◆ Material provided:
──────

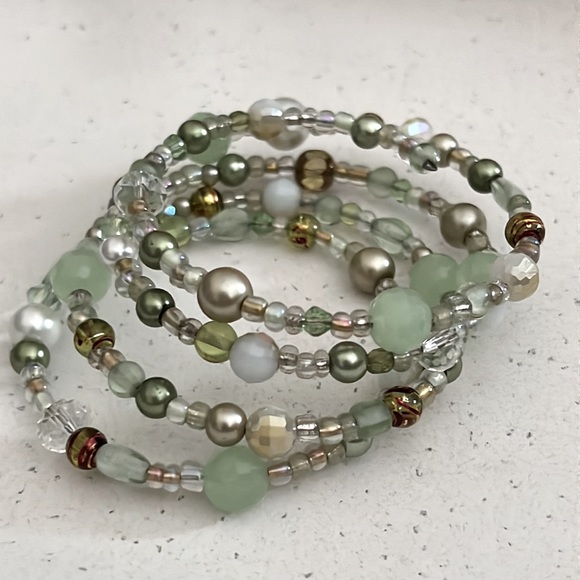 Peridot Green Crystals & Faux Pearl Memory Wire Bracelet. - Picture 4 of 5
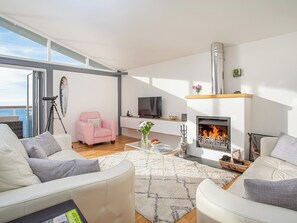 Fireplace - 3 bedroom accommodation in Downderry (Downderry)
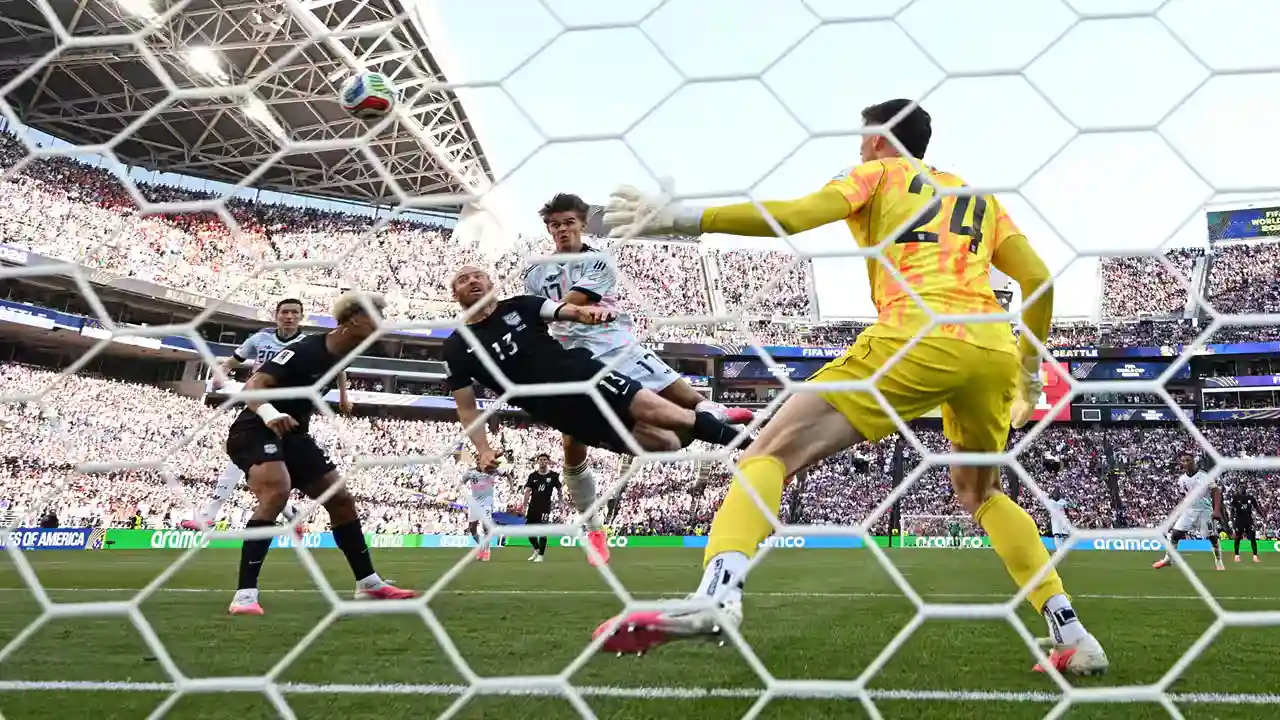 Belgium vs USA World Cup 2026 Round of 16 match action as Belgian players attack against the United States team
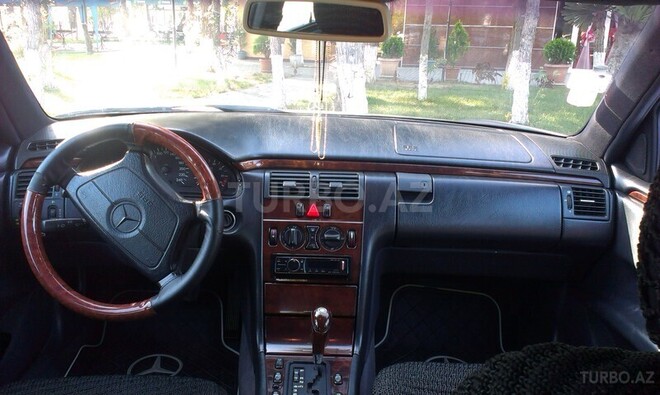 Mercedes E 230 1997, 235,000 km - 2.3 l - Sumqayıt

──────

◆ Exercise details: Give the listing above again word for word, without its pictures.

◆ Completed exercise:
 Peridot Green Crystals & Faux Pearl Memory Wire Bracelet. - Picture 4 of 5
 Fireplace - 3 bedroom accommodation in Downderry (Downderry)
 Belgium vs USA World Cup 2026 Round of 16 match action as Belgian players attack against the United States team
 Mercedes E 230 1997, 235,000 km - 2.3 l - Sumqayıt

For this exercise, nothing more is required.